### What the exercise asks
Repeat the listing below in full and exactly, but without its pictures.

### Supplied records
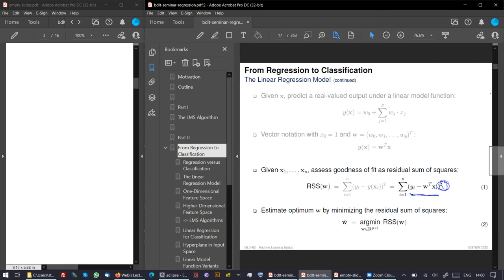Don't be afraid that it continues at this speed. We have certain sections, and we will take one step after the other so that you get a set of building blocks which you can then put together.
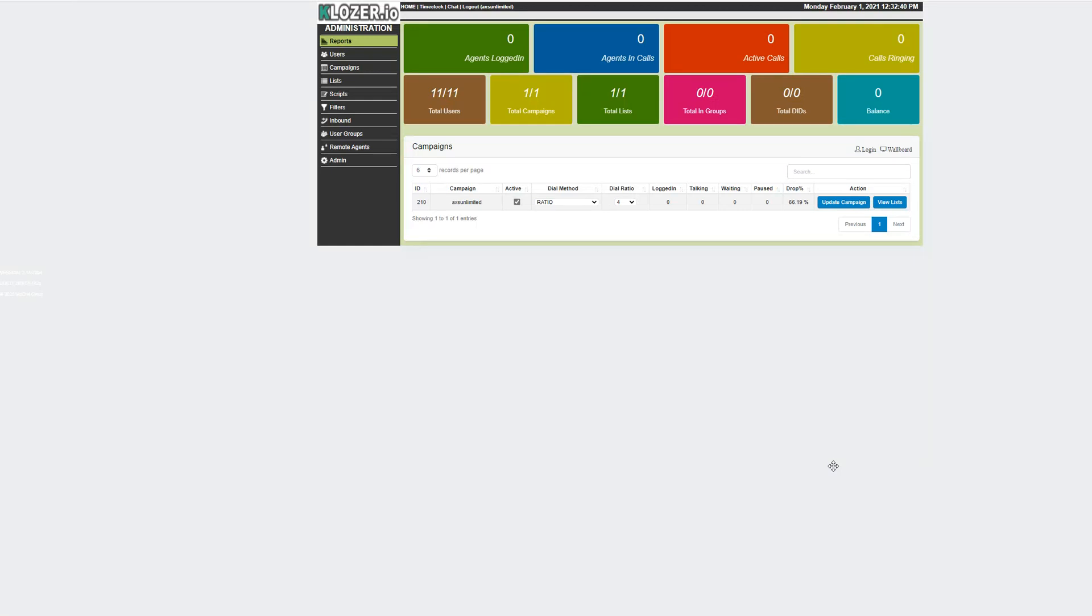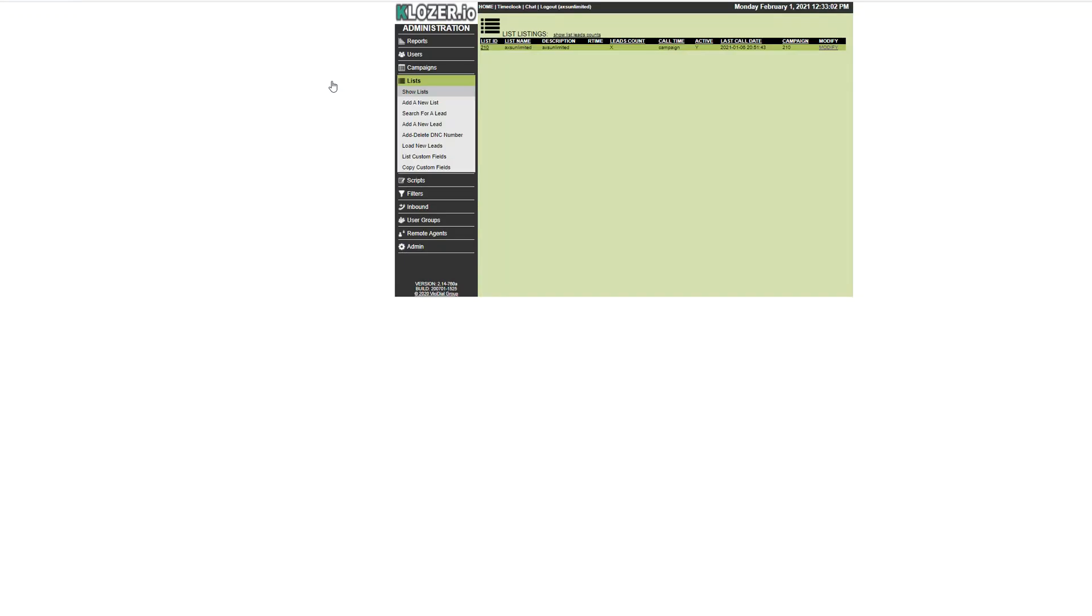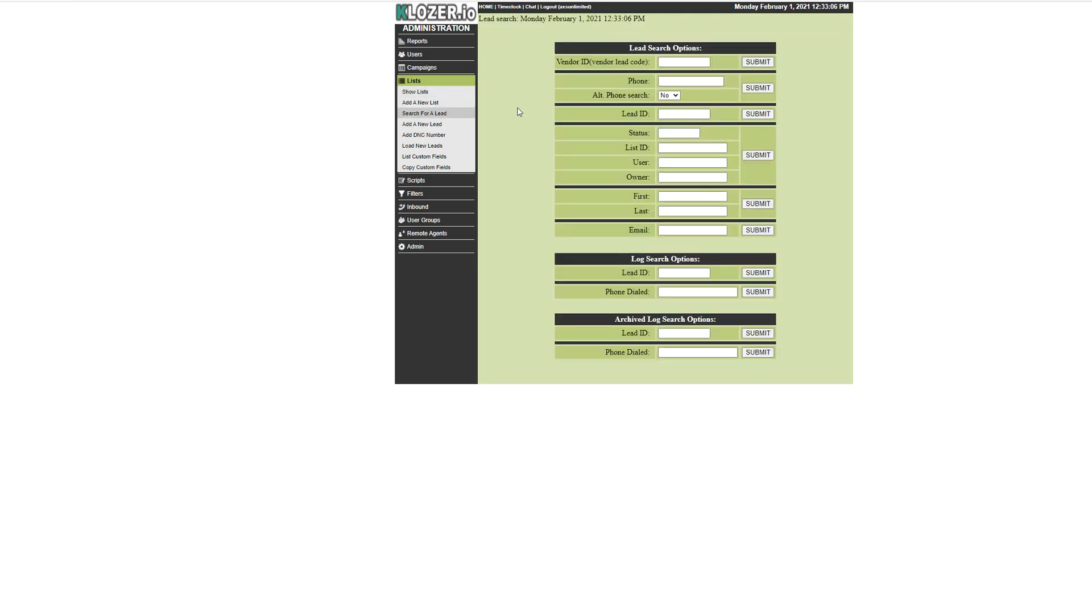Welcome to closure.io. Today I will show you how to download a recording. First, you have to click on the list and then click search for a lead, and enter the number that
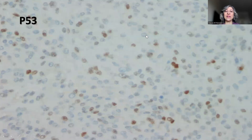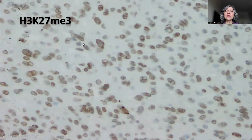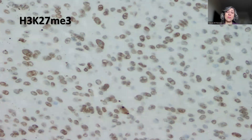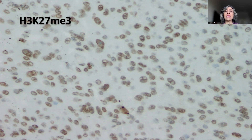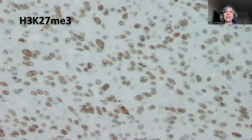P53 was not mutant or abnormal — it showed a mosaic pattern. Sometimes absence of H3K27 trimethylation staining is described in atypical meningioma, but in this case it was retained. My experience thus far performing this stain on atypical meningioma has not revealed any loss or absence of staining, though I have not done it on a large number of cases.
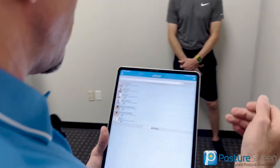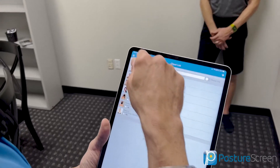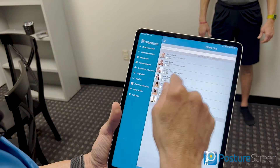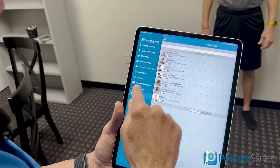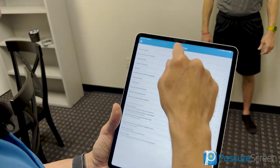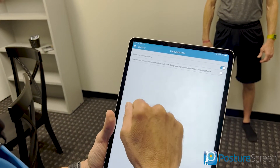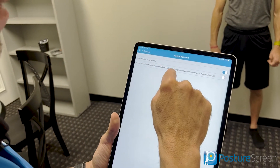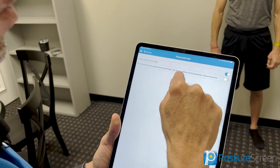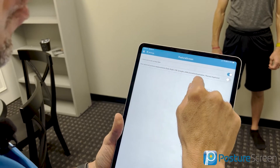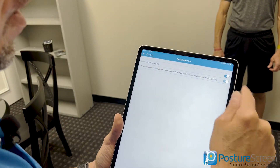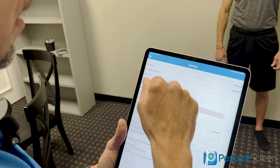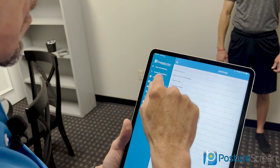To turn on the advanced features, go to the menu, then Settings, then PostureScreen. Notice the new advanced posture measurements: gaze angle, CVA, Q angle, ankle pronation/supination, and thoracic kyphosis. I'm going to turn that on now.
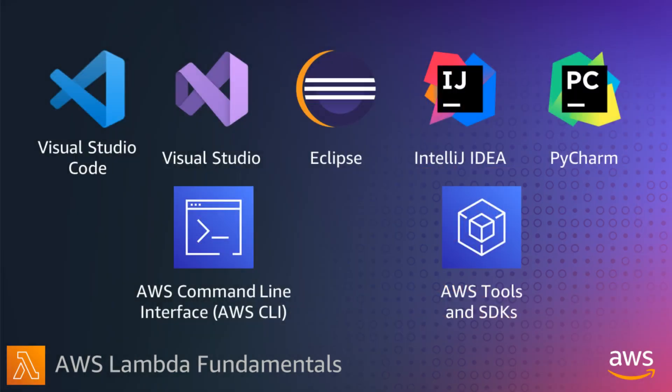AWS provides plugins for a number of popular IDEs, including Visual Studio and Visual Studio Code, Eclipse, IntelliJ, and PyCharm. You can also create, deploy, and invoke Lambda functions using the AWS CLI and SDKs.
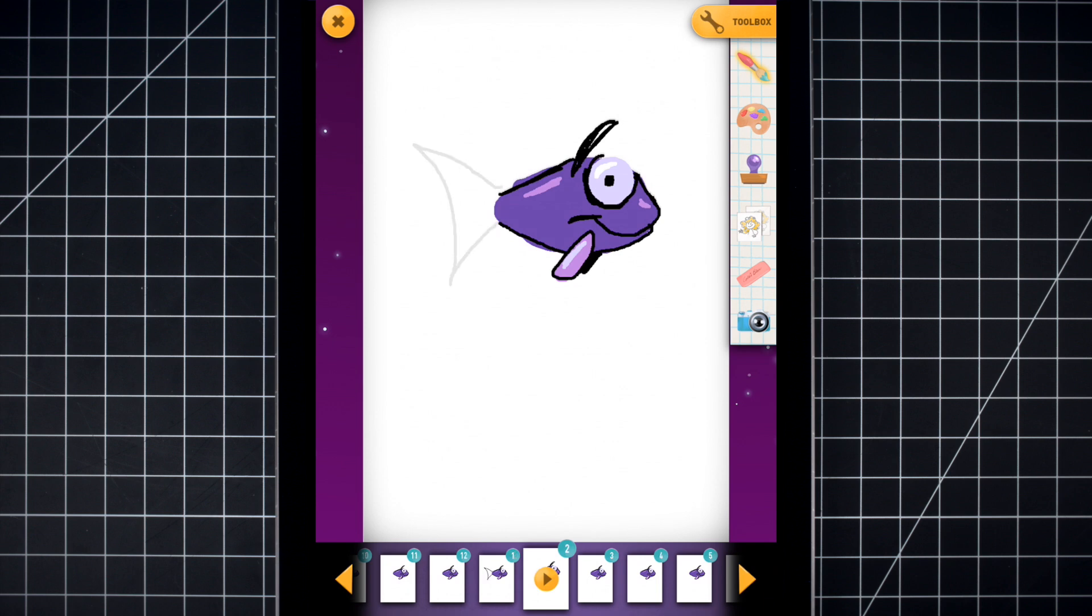In frame number two, draw the tail again, but this time draw the round part facing out, so it's the opposite of the last one.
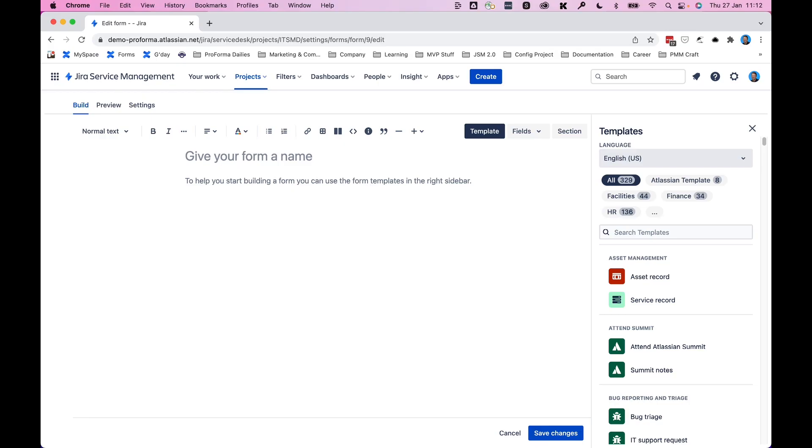You can see here on the screen, give your form a name. We'll call this change request in keeping with the theme of the series so far. And once you've given it a name, you can then build the rest of your form or use a template, which we'll cover in a different video.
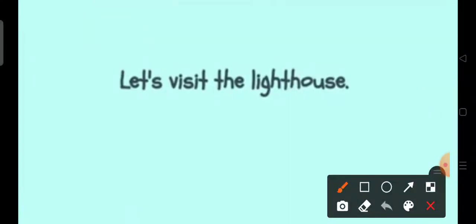Which word in this sentence is a compound word? Let's visit the lighthouse.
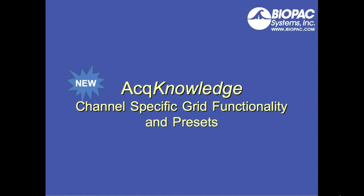In this screencast, we'll look at the channel-specific grid functionality and presets in AcKnowledge.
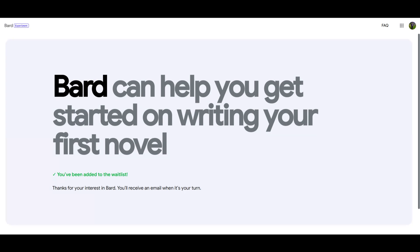Hey there, today I'm going to show you how to join the waitlist for Google Bard. If you're not familiar with Bard, it's a new AI chatbot from Google that's getting a lot of buzz lately.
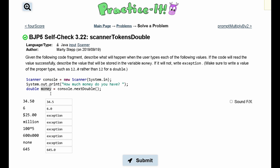First, we have 34.50. This is a double, so it will be stored in money. However, the trailing zero is dropped because double represents it to the relevant decimal place, so it becomes 34.5. Next, we have 6. This is an int, but since the variable is a double, it will be cast as a double.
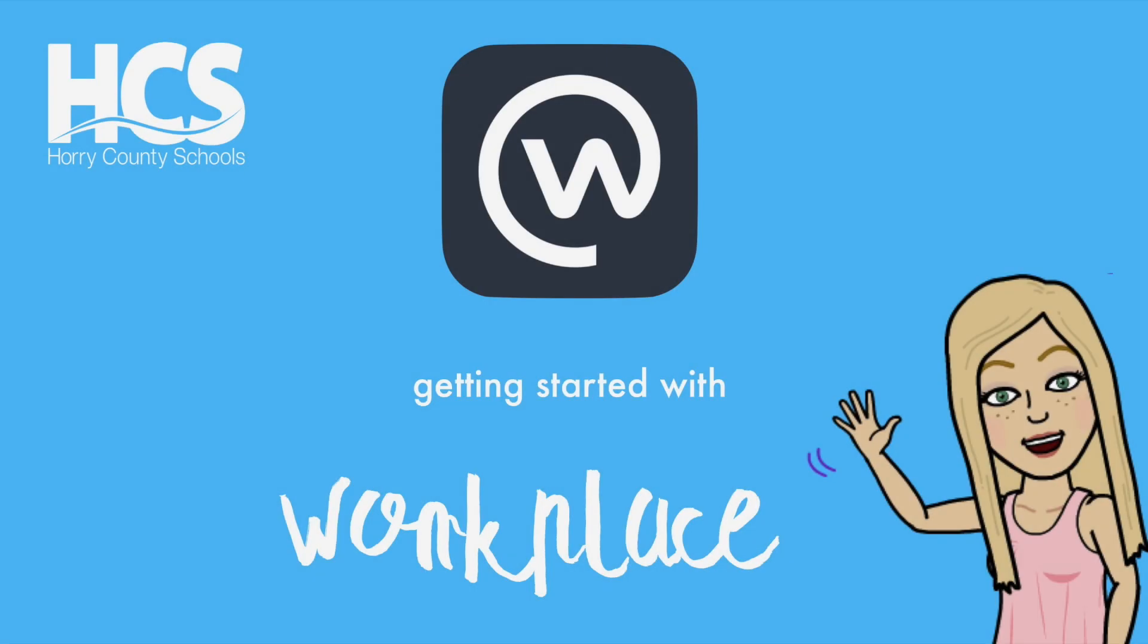Today we will be looking at Workplace. It is a website and an app created by Facebook to help large groups or business organizations communicate and create online communities.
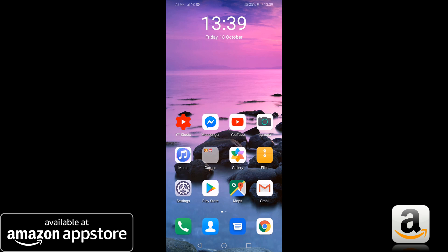However, the installation process can be a bit complex. You won't find the Amazon App Store as a downloadable file within the Google Play Store. Let's take a closer look at how to install the Amazon App Store on your Android device.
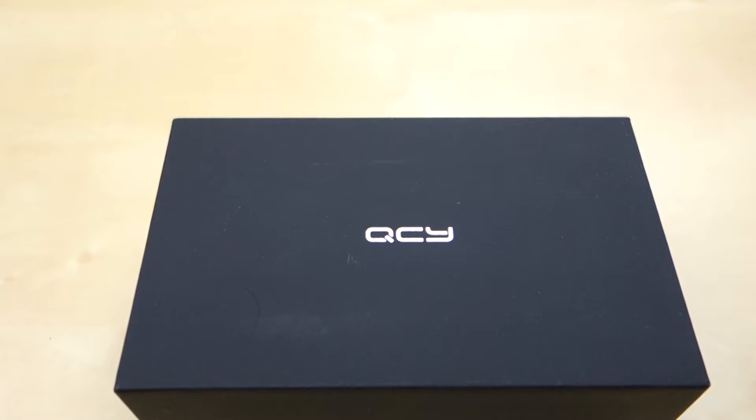Hey guys, this is Johnny Tech Review. Today I have a quick unboxing and review for you of this QCY QY11 Bluetooth headphone.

### Written response
Don't be afraid that it continues at this speed. We have certain sections, and we will take one step after the other so that you get a set of building blocks which you can then put together.
Welcome to closure.io. Today I will show you how to download a recording. First, you have to click on the list and then click search for a lead, and enter the number that
P53 was not mutant or abnormal — it showed a mosaic pattern. Sometimes absence of H3K27 trimethylation staining is described in atypical meningioma, but in this case it was retained. My experience thus far performing this stain on atypical meningioma has not revealed any loss or absence of staining, though I have not done it on a large number of cases.
To turn on the advanced features, go to the menu, then Settings, then PostureScreen. Notice the new advanced posture measurements: gaze angle, CVA, Q angle, ankle pronation/supination, and thoracic kyphosis. I'm going to turn that on now.
AWS provides plugins for a number of popular IDEs, including Visual Studio and Visual Studio Code, Eclipse, IntelliJ, and PyCharm. You can also create, deploy, and invoke Lambda functions using the AWS CLI and SDKs.
In frame number two, draw the tail again, but this time draw the round part facing out, so it's the opposite of the last one.
You can see here on the screen, give your form a name. We'll call this change request in keeping with the theme of the series so far. And once you've given it a name, you can then build the rest of your form or use a template, which we'll cover in a different video.
Which word in this sentence is a compound word? Let's visit the lighthouse.
In this screencast, we'll look at the channel-specific grid functionality and presets in AcKnowledge.
Hey there, today I'm going to show you how to join the waitlist for Google Bard. If you're not familiar with Bard, it's a new AI chatbot from Google that's getting a lot of buzz lately.
First, we have 34.50. This is a double, so it will be stored in money. However, the trailing zero is dropped because double represents it to the relevant decimal place, so it becomes 34.5. Next, we have 6. This is an int, but since the variable is a double, it will be cast as a double.
Today we will be looking at Workplace. It is a website and an app created by Facebook to help large groups or business organizations communicate and create online communities.
However, the installation process can be a bit complex. You won't find the Amazon App Store as a downloadable file within the Google Play Store. Let's take a closer look at how to install the Amazon App Store on your Android device.
Hey guys, this is Johnny Tech Review. Today I have a quick unboxing and review for you of this QCY QY11 Bluetooth headphone.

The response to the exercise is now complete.